Short answer? By playing more. By that I mean either having time to play more in general because it doesn't take as much time to finish up a small battle, or more commonly by taking the same amount of time but putting way more units on the board.

So, instead of one mech with an AC/20, some medium lasers, and and an LRM rack, I've got a lance with a Juggernaut, two Strikers, and a Sniper (these are Alpha Strike unit roles). If I loose my Juggernaut (the whole mech), it feels about like getting the AC/20 crit out of a Hunchback. I can still hurt people, but my 'big gun' is gone. Loosing my strikers is sort of like loosing some leg actuators. My lance gets slower and has a harder time responding with movement. Loosing the Sniper kills my longer-range damage, just like getting a LRM rack crit.

Basically, you have to look at each lance or even company as a 'unit', instead of one mech. The Lance will slowly fall apart and loose capability as individual mechs in it are killed, and that has a very similar feel to an individual mech being taken apart in Total Warfare rules.
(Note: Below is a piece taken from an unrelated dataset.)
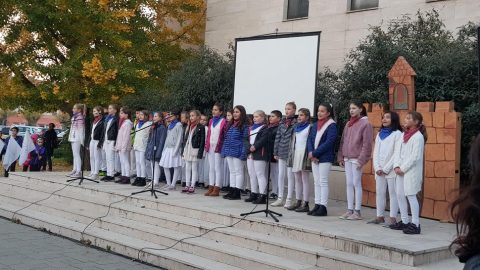 Nagy csoport énekel a szabadban egy téglafal előtt, mikrofonokkal.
Also, the variety of different mechs you can use to make a lance or company provide the same sort of variety as building a single mech with different weapons and equipment.

For me it's just a matter of perspective (and it did take me a while to really accept this): If you stop thinking about a single 'unit' as being one mech, and think of it as a formation instead (Lance, Star, Squadron, etc.) It starts to make sense. You get that same feel of a 'unit' with unique properties made up of a set of shared parts, and one that slowly degrades as parts of the unit are destroyed. Plus, you get to play with more of your minis more of the time!

This is one of the reasons I'm a big proponent of using the formation bonuses AS provides. It really helps cement the idea in the players head that the the whole lance of mech's is the unit in this game.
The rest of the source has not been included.